Arminio debió nacer hacia el año 18 o 16 a.C., y algunos años antes del cambio de era, ya se ha dicho, cuanto todavía era un niño, se encontraba ya en Roma en compañía de su hermano Flavus (tampoco se conoce su verdadero nombre germano, pues éste es también el nombre que le pusieron los romanos debido al color rubio de su cabellera). Allí, los dos hermanos fueron instruidos en el arte de la guerra a manos del mismo centurión que había ordenado su captura, y ya en el año 4, cuando apenas tenía aproximadamente unos veinte años, Arminio ya era jefe de un destacamento de caballería de las fuerzas auxiliares. En efecto, su tribu se había aliado con Roma después de la captura de ambos hermanos, y él, al mando de un grupo de guerreros queruscos, luchó primero en los Balcanes, durante las guerras panonias, en las que las tropas romanas, al mando de Tiberio, habían logrado vencer sobre los rebeldes dálmatas e ilirios. Y poco tiempo después, en el año 9, cuando Quintilio Varo, que hasta entonces había sido procónsul y legado en la provincia de Siria, donde logró derrotar a los rebeldes judíos que se habían sublevado después de la muerte de Herodes el Grande, había sido enviado como gobernador a la Germania inferior, Arminio fue enviado también allí como lugarteniente suyo, porque conocía muy bien el territorio y la forma de combatir de los rebeldes germanos. Y aunque al principio el caudillo querusco había entablado una gran amistad con el propio Varo, no pasaría demasiado tiempo antes de que él, viendo a su pueblo oprimido y privado de libertad y de derechos, decidiera también revelarse contra Roma. De ahí a ponerse al frente de la sublevación y a tramar, en connivencia con los caudillos de otras tribus germánicas, un complot contra su antiguo amigo, sólo había un paso, un paso que se llevaría a sus últimas consecuencias en las inmediaciones del bosque de Teutoburgo.

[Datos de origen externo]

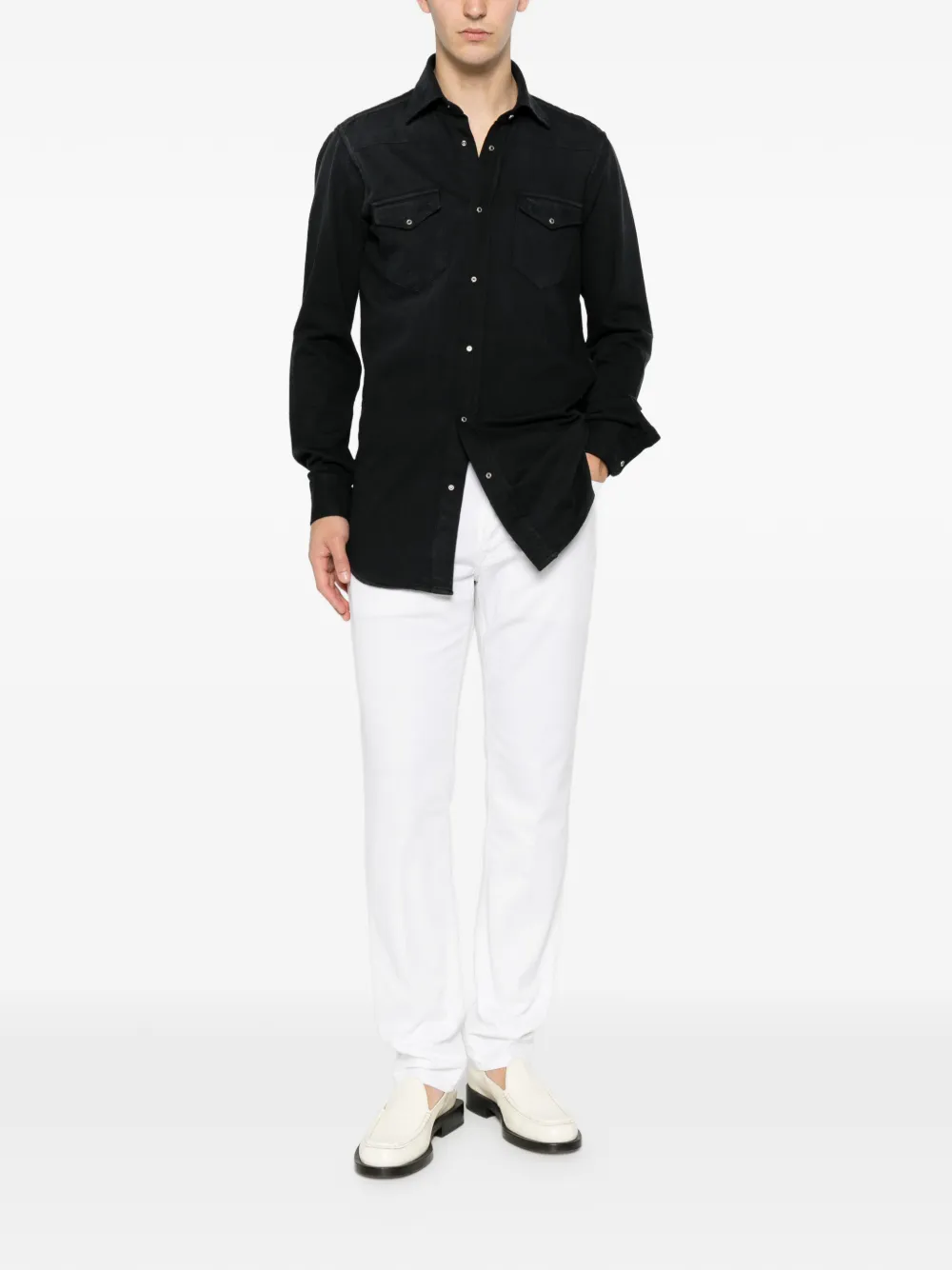 SARTORIO NAPOLI Buttoned Cotton Shirt | Black | FARFETCH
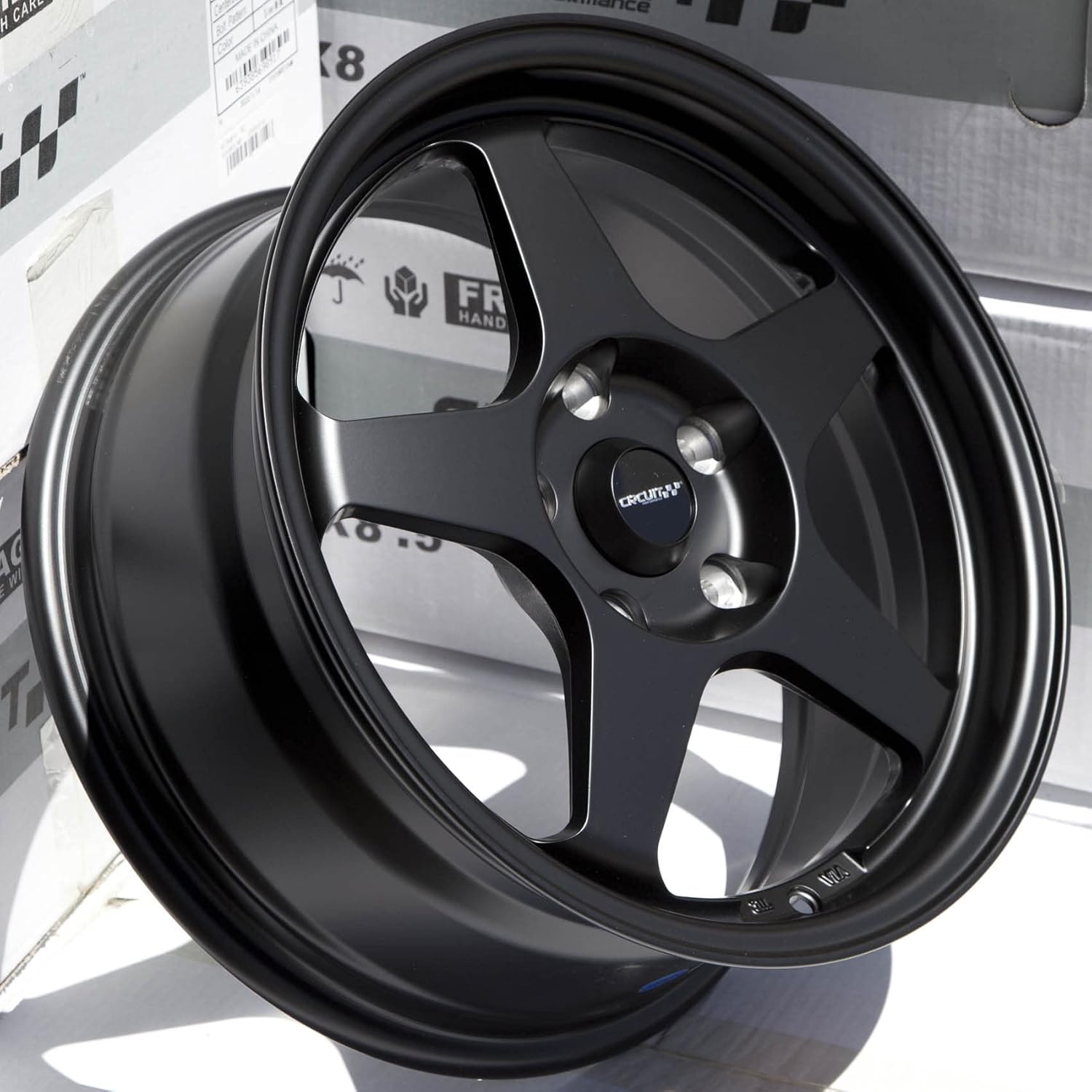 Circuit Performance CP22 16x7 Flat Black 5x114.3 +35mm Offset Wheels Spoon SW388 Style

Como no podía ser de otra forma en un autor de las características de Manfredi, que también es historiador, incluso antes que novelista, el libro es fiel a los hechos reales, o al menos, es fiel a la versión de los hechos que narran los historiadores latinos, que son las únicas fuentes que tenemos para conocerlos. Pero además de la historia general de Teutoburgo y de la historia personal de Arminio, ésta es también la historia de Roma en un momento importante de su devenir político, cuando se está ya dejando atrás el pasado republicano y el imperio se halla todavía en sus momentos iniciales. Y un tiempo, por otra parte, en el que todo está cambiando, en el que ya se están incorporando a sus élites de poder algunos privilegiados, oriundos de las colonias. Una época en la que ya existen algunos senadores que son de origen celta, y que no mucho después, porque el tiempo avanza inexorable, habrá ya emperadores procedentes de las provincias, de Hispania, de Iliria, e incluso de África.

Y es también la historia de algunos personajes de esa nueva Roma que se está creando; o al menos, una parte de su historia. Es un poco la historia de Druso Germánico, el gran héroe de los romanos, enemigo político de Segismer, el padre de Arminio, y su amigo personal al mismo tiempo; el hijo de Livia Drusila, una de las esposas del propio emperador Augusto, y el destinado a heredar éste al frente del imperio, un destino que se frustró en el año 9 a.C., poco después del nacimiento de Arminio, por un trágico accidente al caer de su caballo. Es, por supuesto, la historia de Quintilio Varo, el general traicionado por Arminio, miembro también de la familia imperial por su matrimonio con Vipsania, una de las sobrinas de Augusto. Y de alguna manera, es también la historia de Germánico, el hijo de Druso, quien heredó de éste el profundo sentimiento de cariño que por él sentían sus soldados, sentimiento que era compartido también por todo el pueblo de Roma, y también, incluso, el propio emperador Augusto, y de Tiberio, el hermano de Druso, quien pasaría a convertirse en el segundo emperador de Roma después de la muerte de Augusto, con cuya hija, Julia, se había desposado, bien a su pesar. Pero es, sobre todo, la historia de una familia poderosa en Roma, la gens Julia, la primera dinastía del imperio romano, una historia de poder y de intrigas palaciegas.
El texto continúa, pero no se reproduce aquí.